Friday, October 21, 2011

We didn't listen!: Remember when leading scientist Thomas Edison warned us about the dangers of alternating current?

War of Currents - Wikipedia, the free encyclopedia
Edison's publicity campaign

Edison carried out a campaign to discourage the use[17] of alternating current, including spreading disinformation on fatal AC accidents, publicly killing animals, and lobbying against the use of AC in state legislatures.
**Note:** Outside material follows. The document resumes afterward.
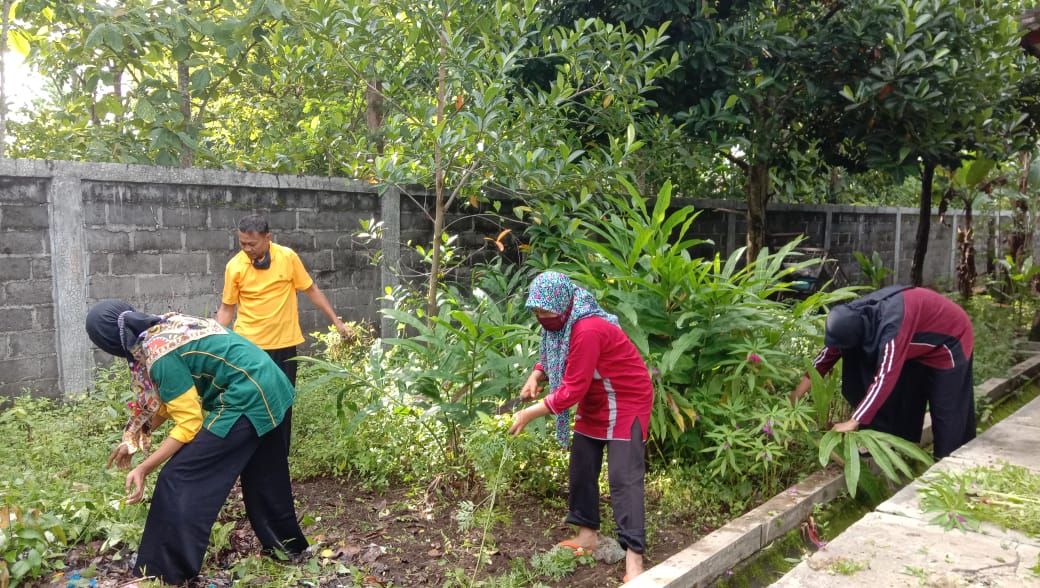 Pertahankan Sehat, MTsN 8 Gunungkidul Peduli Lingkungan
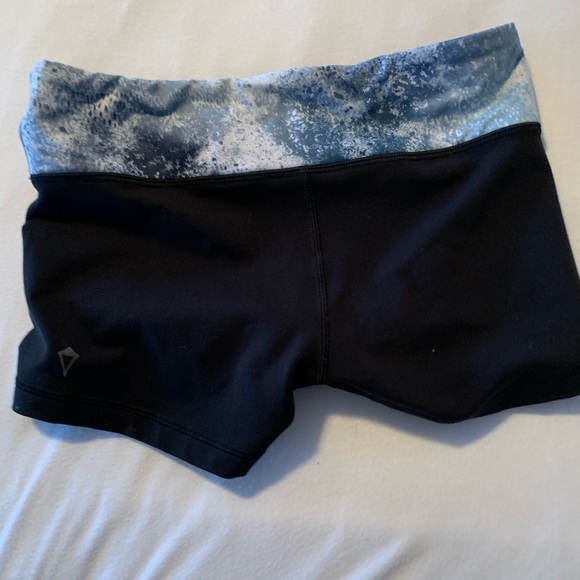 Ivivva-lulu lemon girls spandex - Picture 4 of 4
Edison directed his technicians, primarily Arthur Kennelly and Harold P. Brown,[18] to preside over several AC-driven killings of animals, primarily stray cats and dogs but also unwanted cattle and horses.[improper synthesis?] Acting on these directives, they were to demonstrate to the press that alternating current was more dangerous than Edison's system of direct current.[19] He also tried to popularize the term for being electrocuted as being "Westinghoused". Years after DC had lost the "war of the currents," in 1902, his film crew made a movie of the electrocution with high voltage AC, supervised by Edison employees, of Topsy, a Coney Island circus elephant which had recently killed three men.[20]

Edison opposed capital punishment, but his desire to disparage the system of alternating current led to the invention of the electric chair. Harold P. Brown, who was being secretly paid by Edison, built the first electric chair for the state of New York to promote the idea that alternating current was deadlier than DC.[21]